• **PROBLEM REQUIREMENTS**: Your answer should be the full data, transcribed exactly, with no pictures in it.

• **RAW DATA**:

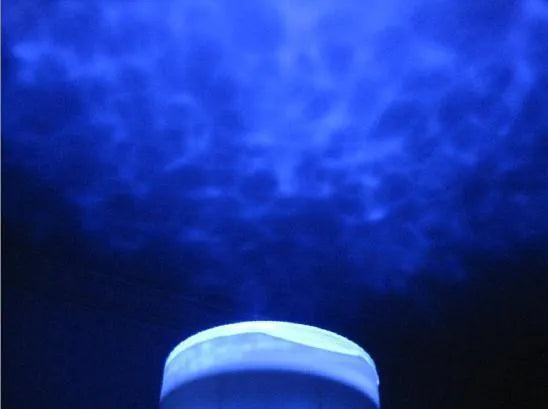 A blue ocean-themed LED projection lamp displaying a 2D oceanic scene on a wall.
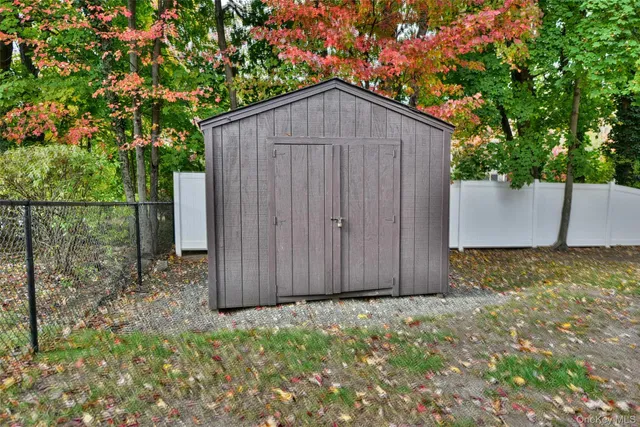 a backyard of a house with a tree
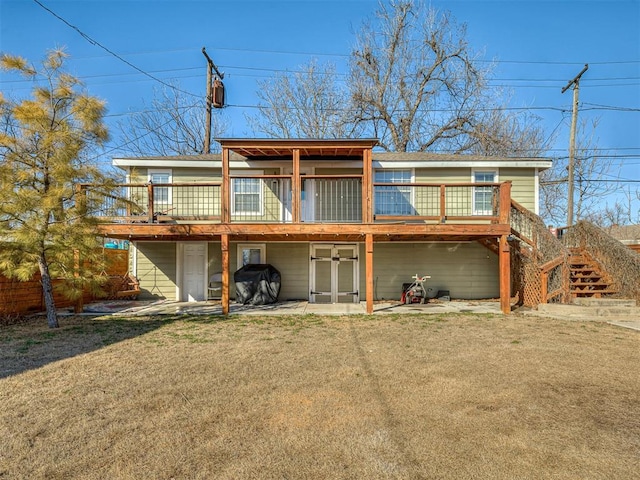 rear view of property with a deck, a patio, stairway, and a yard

• **RESULT OF THIS TASK**:
 A blue ocean-themed LED projection lamp displaying a 2D oceanic scene on a wall.
 a backyard of a house with a tree
 rear view of property with a deck, a patio, stairway, and a yard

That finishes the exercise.